Project Report

CS 34/134 Machine Learning & Stat Analysis

Spring 2009

Learning to Classify Telemarketing Phone Numbers

Yiming Qi & Zhiyuan Zhang

Motivation

Almost every person has experienced the annoyance of telemarketing phone calls, which occur at inopportune times and repeat with high frequency. While persons can sign themselves up on the national Do Not Call Registry, which is a list of phone owners that telemarketers cannot legally call, there are several disadvantages to doing so: it is bothersome to sign up, the jurisdiction of the list is limited in scope, and block all telemarketing calls uniformly even if the person wanted some calls to come through. Moreover, many telemarketers call with spoofed numbers to trick caller ID owners and avoid legal telemarketing restrictions. Therefore, it will be useful to know whether an incoming phone call is going to be a telemarketing call before picking it up. With 10 billion possible phone numbers in the US and no obvious underlying pattern of those numbers, it is difficult to differentiate telemarketing phone numbers from unidentified phone numbers which might come from friends, family, or clients. One of the authors has had extensive personal experiences with undesirable telemarketing calls, and therefore we are enthusiastic about finding a solution to tackle this real-life problem.

Goal

We will classify calls as "undesirable" (telemarketers, debt collectors, political canvassers, prank callers, and any other complained-about numbers) and "desirable" (everything else) given only the phone number.

Data

To obtain telephone numbers, we created a web crawler to html-scrape within the confines of two sites, www.callercomplaints.com and www.yellowpages.com, to obtain "bad" and "good" phone numbers from the sites respectively. Caller Complaints was completely scraped; we obtained 385,285 bad phone numbers from the site. Yellow Pages was not completely scraped; because the site is meant for use by service seekers it provides much extraneous info in addition to telephone numbers (such as business ratings and customer reviews), so the telephone number density was much lower for the yellow pages than it was for Caller Complaints. The Yellow Pages also contains the phone number of almost every registered business and person in the United States, so we did not expect to web-crawl the entire site. We stopped the crawler for the Yellow Pages to obtain 124,971 good telephone numbers. It should be noted that we parsed are fewer numbers from the Yellow Pages than from the Caller Complaints site, but those fewer numbers took a much longer time to obtain because the telephone number density was extremely low. In addition, the web crawler crawls links in non-deterministic order, which means that our telephone numbers come from a random distribution that we assume to be independently and identically distributed.
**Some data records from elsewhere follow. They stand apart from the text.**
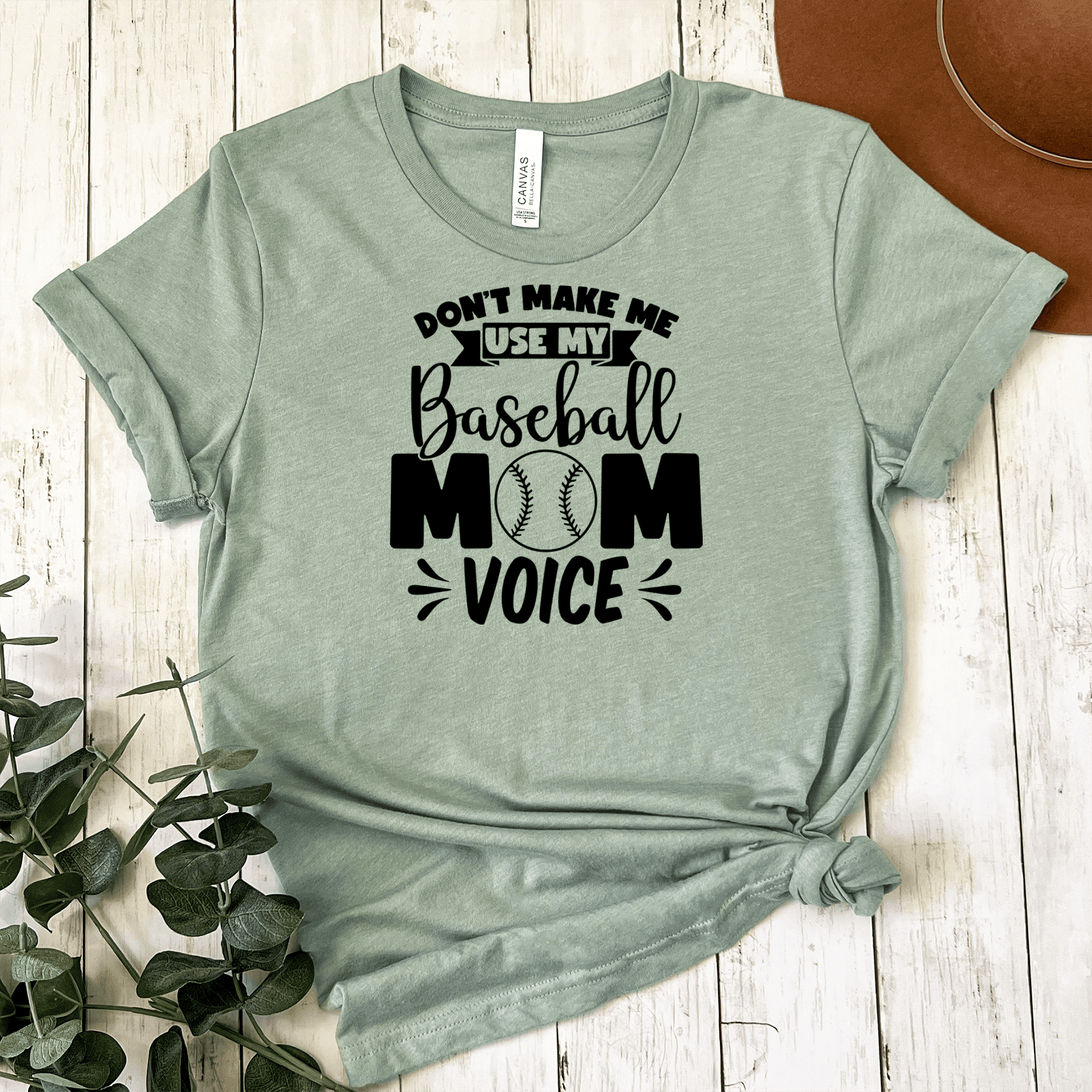 Womens Light Green T Shirt with Ill-Use-My-Baseball-Mom-Voice design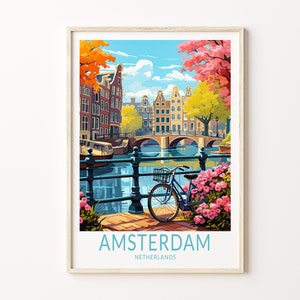 Amsterdam Travel poster, Amsterdam Holland Poster Print, Amsterdam Custom Travel Print, Personalized Travel Poster, Birthday Gifts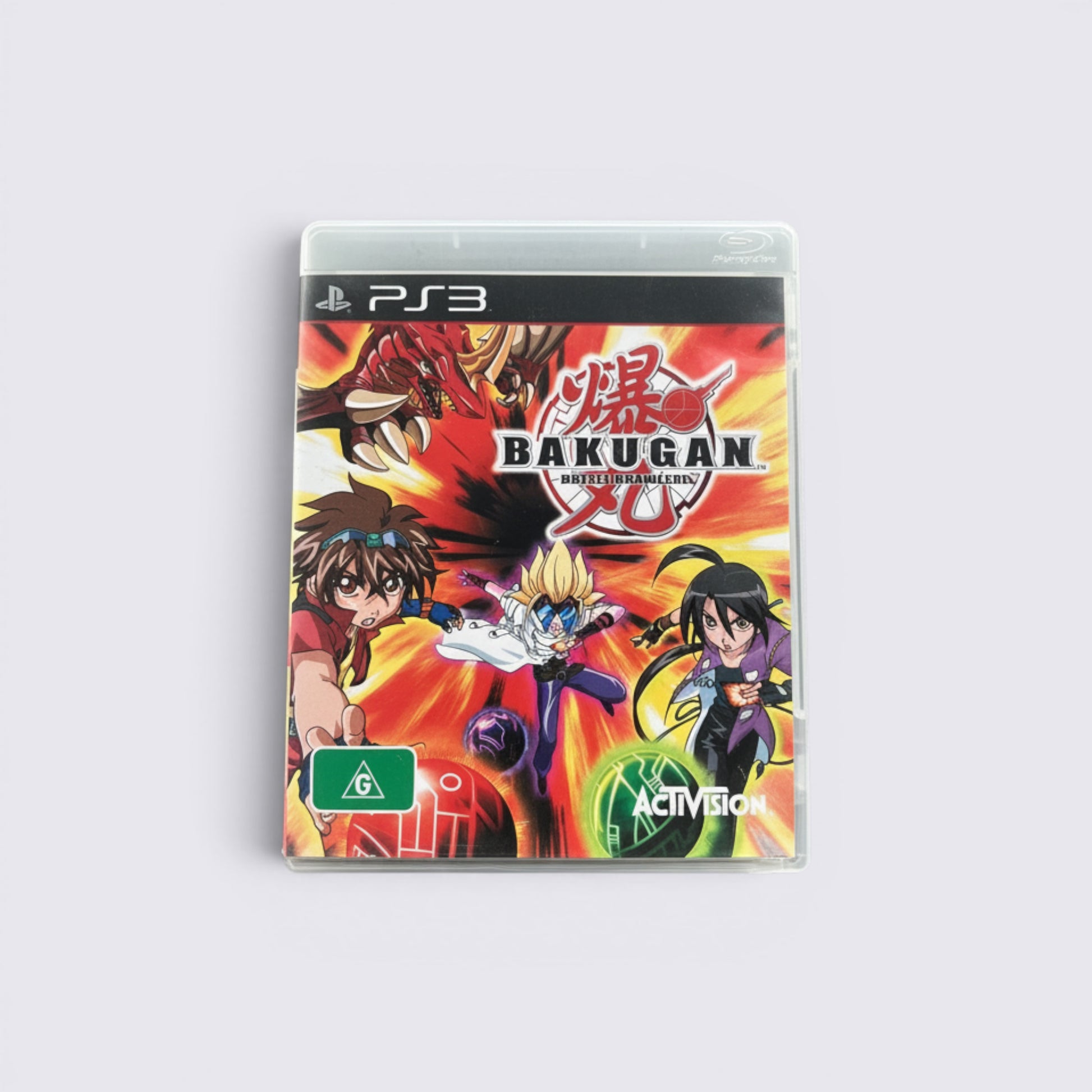 MrPixel Bakugan Battle Brawlers PS3 game case featuring anime characters and a red dragon creature on a vibrant background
We interpreted the data in two different froms of dimensionality, ten dimensional and three dimensional. Ten dimensional data uses each digit as a feature, and three dimensional data uses each block (commonly separated by hyphens or spaces) as a feature. Splitting the telephone numbers into ten dimensions is natural, and our motivation for splitting the number into three dimensions comes from the anecdotal observation that phone numbers sharing common blocks are geographically related.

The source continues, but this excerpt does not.